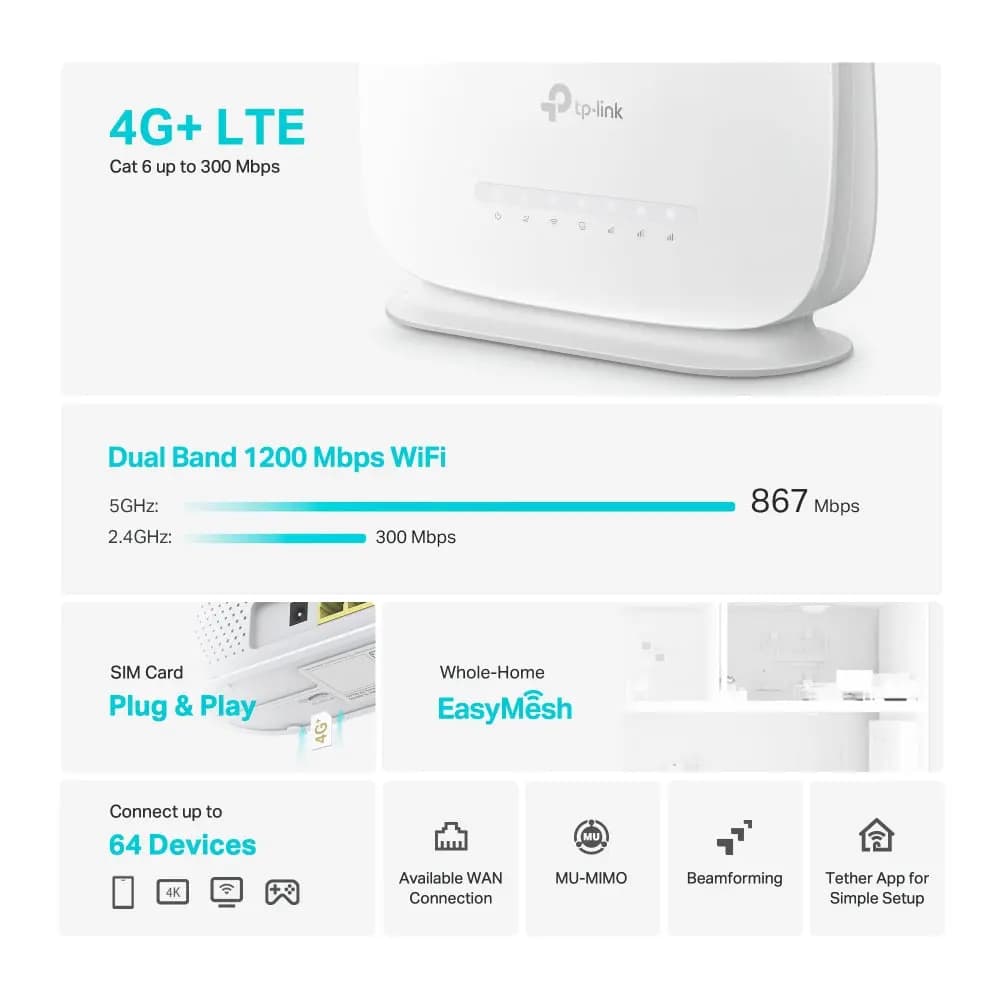TP-Link, Archer MR505, 4G+ Cat6 AC1200 Wireless Dual Band Gigabit Router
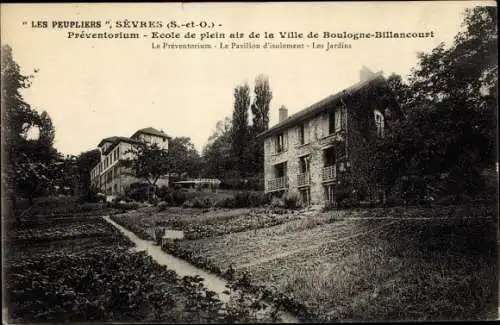 Ak Sèvres Ville d'Avray Hauts de Seine, Les Peupliers, Préventorium, Ecole de plein air, Les jardins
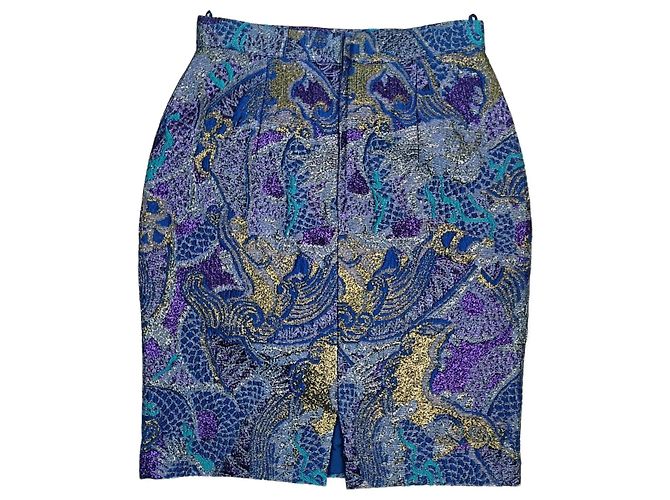 Saia em lurex azul Gianfranco Ferré
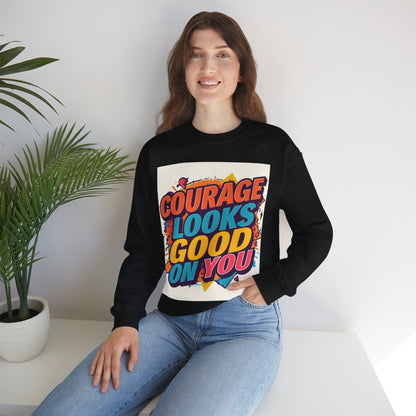 Courage Looks Good On You Sweatshirt — Inspirational Graphic Crewneck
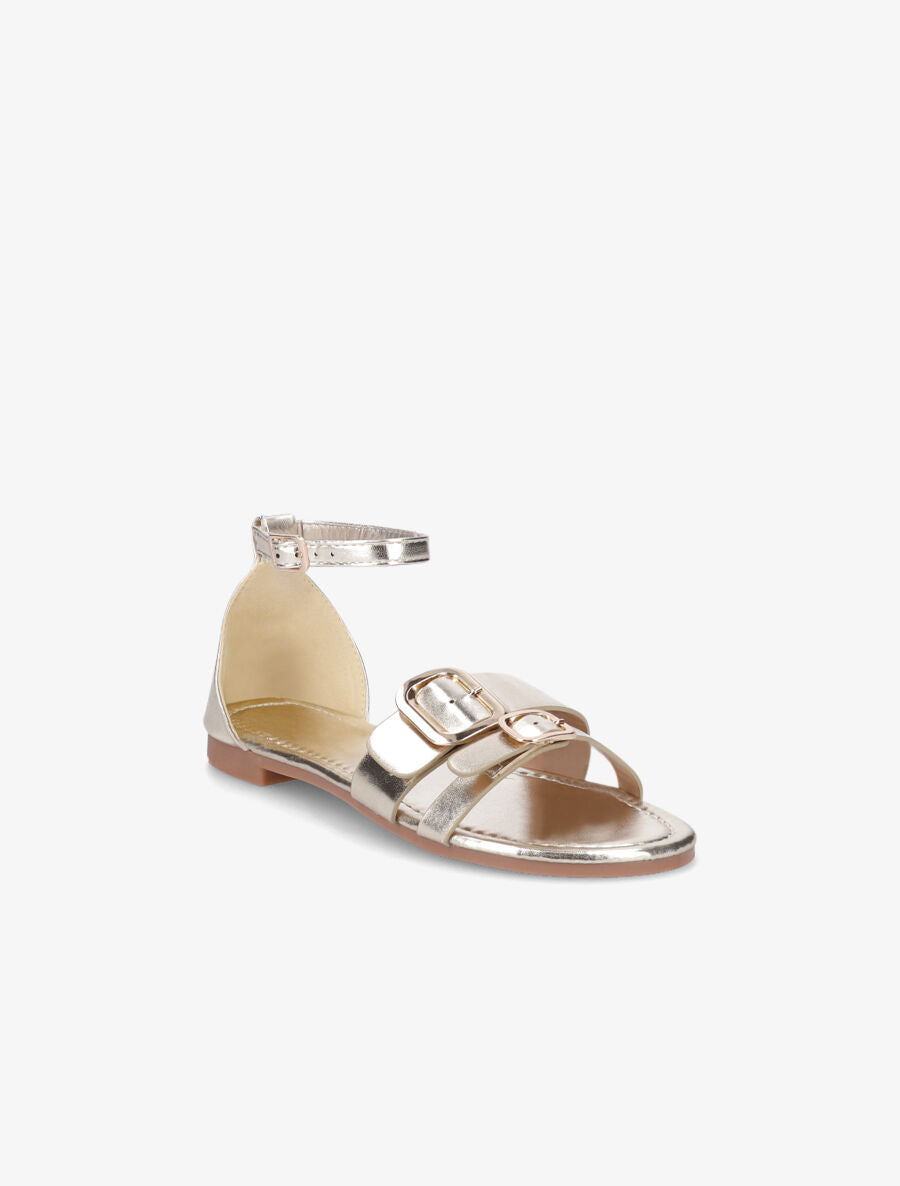 Nu-pieds en simili double boucles - Or - 2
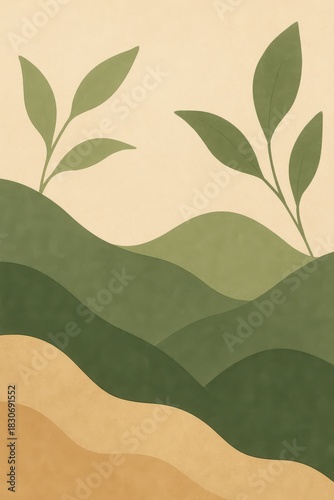 Calm abstract illustration of rolling green hills with simple botanical leaves, evoking nature, growth, balance, and a peaceful modern organic landscape.
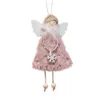 Dekoracje choinki Plush Angel Doll Girl wisiorek Navidad Nowy rok Świąt Bożego Narodzenia Wiszące Ozdoby Dift dla dzieci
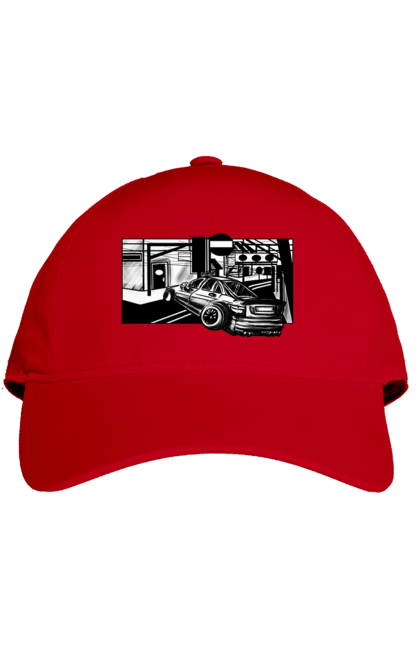 Кепка з принтом "Небезпечний Автомобіль на дорогах вулиць". Автомобіль, гонки, машина, небезпечний, чорно білий, швидкий. 2070702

━━━━━━━━━━━━━━━━

Activity ▸ Print the records again exactly. Skip every picture.

Completed task ▸
TP-Link, Archer MR505, 4G+ Cat6 AC1200 Wireless Dual Band Gigabit Router
 Ak Sèvres Ville d'Avray Hauts de Seine, Les Peupliers, Préventorium, Ecole de plein air, Les jardins
 Saia em lurex azul Gianfranco Ferré
 Courage Looks Good On You Sweatshirt — Inspirational Graphic Crewneck
 Nu-pieds en simili double boucles - Or - 2
 Calm abstract illustration of rolling green hills with simple botanical leaves, evoking nature, growth, balance, and a peaceful modern organic landscape.
 Dekoracje choinki Plush Angel Doll Girl wisiorek Navidad Nowy rok Świąt Bożego Narodzenia Wiszące Ozdoby Dift dla dzieci
 Кепка з принтом "Небезпечний Автомобіль на дорогах вулиць". Автомобіль, гонки, машина, небезпечний, чорно білий, швидкий. 2070702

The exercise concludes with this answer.